Page MenuHomePhabricator

Make startup script
Closed, DeclinedPublic

Description

Currently PAWS is started with a handful of commands described in the README.md investigate moving to a startup script that will do this for us.

This should largely be focused on the dev environment to simplify the deploy process for any new contributors. However it could be expanded to deploy to prod as well with some detection mech, probably shaped like detecting minikube and assuming prod if not. This part, however, may need some bits that allow us to point at other envs. Then again, perhaps not, we don't do that too much, and anyone who does is likely familiar enough to tinker with the script itself to suit their purpose.

Event Timeline

In other projects we are using the snippet:

# default to prod, avoid deploying dev in prod if there's any issue
local environment="tools"
if [[ "${1:-}" == "" ]]; then
    if [[ -f /etc/wmcs-project ]]; then
        environment="$(cat /etc/wmcs-project)"
    fi
else
    environment="${1:-}"
fi

That allows getting the current project from /etc/wmcs-project (available on any cloud VM) if none passed, and default to prod ("tools" in that case) if that file is not available, though that might not work in future magnum-generated VMs as it's added by puppet.

That allows getting the current project from /etc/wmcs-project (available on any cloud VM) if none passed, and default to prod ("tools" in that case) if that file is not available, though that might not work in future magnum-generated VMs as it's added by puppet.

In this case I think we should seek a different method. Ideally we can work to move away from having special k8s nodes, and towards a more cloud native approach of deployment, regardless of if magnum is used or not.

Ideally we can work to move away from having special k8s nodes, and towards a more cloud native approach of deployment

I'm not sure what you mean with this, can you elaborate?

I'm not sure what you mean with this, can you elaborate?

We make our deployments more ridged and complex, thus more prone to errors and less portable, as we add custom things to them. While this is true is most all contexts in the context of k8s you make trouble for yourself when you make custom k8s nodes. It increases the difficulty in doing things like horizontal autoscaling, as we can no longer have k8s request "another node" from where ever it requests them, it now has to go through a routine to get it built just for this particular cluster. This is not ideal, as it creates extra work, and creates more parts that can break. Additionally it is not portable. As it stands today we cannot pull up PAWS and put it on some other arbitrary k8s cluster, it would require the worker nodes mount nfs (being resolved in T321886), this is alongside a few other things, like the ingress is kind of weird, though less critically, for this, because it is outside of k8s, but that is the weird part, it shouldn't be separate from the cluster. Cloud native approaches have different meanings in different contexts, but in a k8s context part of what we want is for our application to be dropped on any k8s deploy and it should work, the k8s cluster is just a compute resource for our application, beyond that it deals with itself.

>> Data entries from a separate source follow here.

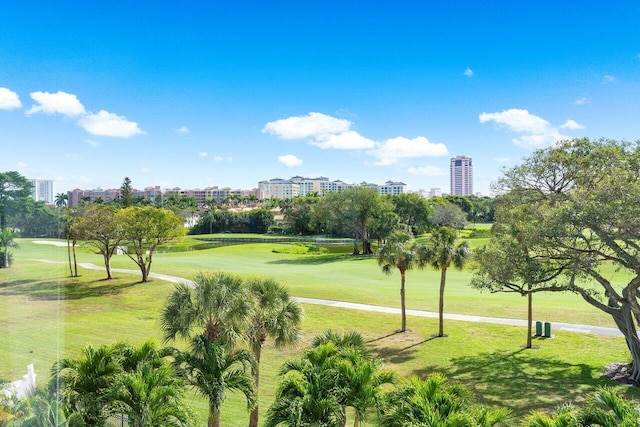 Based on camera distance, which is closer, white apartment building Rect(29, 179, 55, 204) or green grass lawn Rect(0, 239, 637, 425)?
white apartment building Rect(29, 179, 55, 204)

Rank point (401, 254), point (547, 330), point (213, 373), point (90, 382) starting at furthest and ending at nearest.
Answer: point (401, 254)
point (547, 330)
point (213, 373)
point (90, 382)

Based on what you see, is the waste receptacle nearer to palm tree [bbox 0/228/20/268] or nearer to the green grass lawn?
the green grass lawn

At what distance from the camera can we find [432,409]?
624cm

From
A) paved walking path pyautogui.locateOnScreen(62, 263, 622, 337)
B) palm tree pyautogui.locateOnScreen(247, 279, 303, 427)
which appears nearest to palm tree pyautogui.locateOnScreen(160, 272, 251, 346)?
palm tree pyautogui.locateOnScreen(247, 279, 303, 427)

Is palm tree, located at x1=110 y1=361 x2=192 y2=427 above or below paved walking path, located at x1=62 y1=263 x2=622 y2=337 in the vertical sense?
above

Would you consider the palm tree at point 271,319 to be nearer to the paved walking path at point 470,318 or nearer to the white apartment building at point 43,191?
the white apartment building at point 43,191

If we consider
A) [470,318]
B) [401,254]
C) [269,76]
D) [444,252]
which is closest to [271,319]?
[401,254]

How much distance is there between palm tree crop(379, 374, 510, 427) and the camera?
589 centimetres

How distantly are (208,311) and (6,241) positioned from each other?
3992mm

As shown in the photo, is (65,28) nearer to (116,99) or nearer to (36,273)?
(36,273)

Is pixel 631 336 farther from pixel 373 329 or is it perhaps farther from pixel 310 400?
pixel 310 400

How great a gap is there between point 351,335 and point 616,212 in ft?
22.7

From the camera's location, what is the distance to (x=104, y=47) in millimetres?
9414

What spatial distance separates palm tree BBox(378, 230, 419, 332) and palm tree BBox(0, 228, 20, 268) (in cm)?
1368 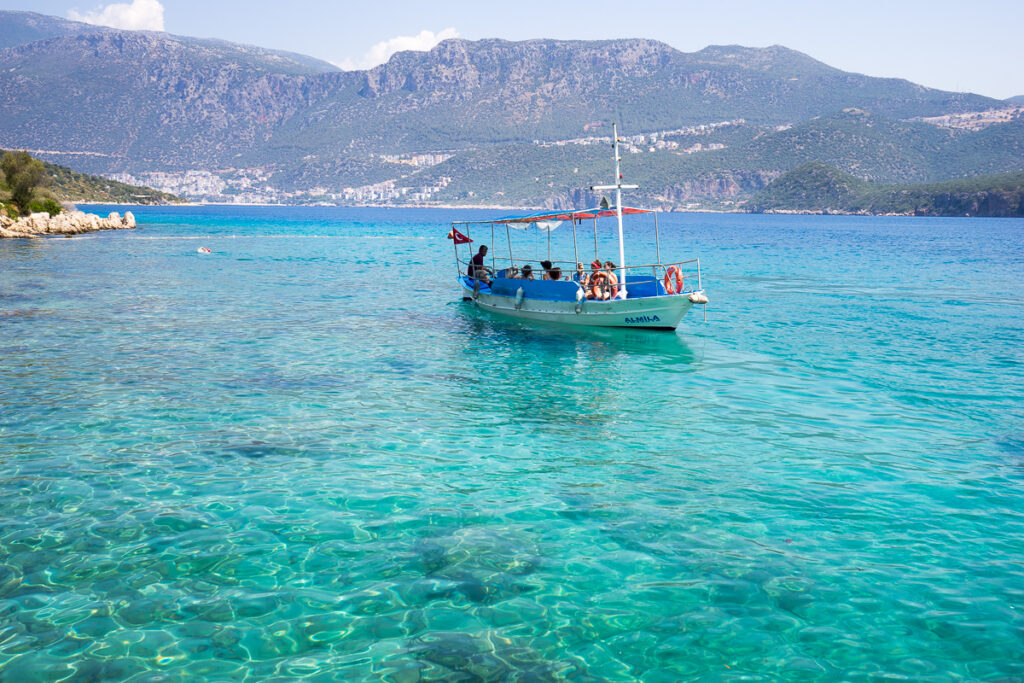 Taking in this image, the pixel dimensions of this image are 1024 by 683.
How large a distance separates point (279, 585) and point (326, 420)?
683 cm

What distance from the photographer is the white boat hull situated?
26031 millimetres

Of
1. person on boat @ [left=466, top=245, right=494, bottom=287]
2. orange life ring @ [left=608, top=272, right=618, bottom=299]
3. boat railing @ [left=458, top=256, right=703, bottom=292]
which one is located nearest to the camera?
boat railing @ [left=458, top=256, right=703, bottom=292]

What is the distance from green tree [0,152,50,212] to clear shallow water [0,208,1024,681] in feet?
211

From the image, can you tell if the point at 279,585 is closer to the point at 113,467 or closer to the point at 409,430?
the point at 113,467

In essence a k8s application should not care how the underlying node that it is running on is configured.

In essence a k8s application should not care how the underlying node that it is running on is configured.

I think I might be missing the link between this and the deploy script itself (if there's one).

Is your point that we should not depend on that file (/etc/wmcs-project) being there?

If so, I agree :), that's why there's the option to override the environment manually on that snippet, and defaulting to the prod environment no matter what (effectively making it independent from that file, though it will use it if it's there).

That does not invalidate the standard itself though (https://wikitech.wikimedia.org/wiki/Wikimedia_Cloud_Services_team/EnhancementProposals/Decision_record_T303931_k8s_standard_deployment_code_pattern), as it does not define the implementation, but just the api for the deploy script itself.

Well, there's the point of trying to use helmfile, that might help too in this case.

Is your point that we should not depend on that file (/etc/wmcs-project) being there?

yes

That does not invalidate the standard itself though (https://wikitech.wikimedia.org/wiki/Wikimedia_Cloud_Services_team/EnhancementProposals/Decision_record_T303931_k8s_standard_deployment_code_pattern), as it does not define the implementation, but just the api for the deploy script itself.

I don't understand how the standard is an API, but my lack of comprehension seems immaterial in this manner. A startup.sh script is the focus of this ticket.

I don't understand how the standard is an API, but my lack of comprehension seems immaterial in this manner.

API as in being the specification that the standard deploy.sh script offers to other scripts/software/users to execute a deployment of that k8s application.

Bug: T322303

This is largely driven by https://wikitech.wikimedia.org/wiki/Wikimedia_Cloud_Services_team/EnhancementProposals/Decision_record_T303931_k8s_standard_deployment_code_pattern

In this case this is looking like a solution in want of a problem. I suspect that the above decision was made with tools that have a more specific build environment in mind. PAWS is setup to be run from someone's own system, which could be setup in any way that they deem fit. This large unknown makes it difficult to make much sense of what we should and should not do with a startup script. As I wouldn't want to erode user trust by building a script that, for example, would reconstruct their minikube env, potentially breaking all kinds of things for them. As such that was left out of this script. Beyond that it remains questionable to me how much we can really benefit from this that the current instructions in the README wouldn't solve.

The primary benefit appears to be that this could limit the number of copy and paste actions that would be taken. Beyond that it doesn't seem like something that you would really want to use. The script won't fix much for you, so if you aren't familiar with kubectl or helm and they give an error, you would still be stuck figuring out what the problem with those services would be. Doing the additional work to get this script to be more useful in that front seems like a silly task considering how much work it would be, to, at best, save copying and pasting a few commands out of the README.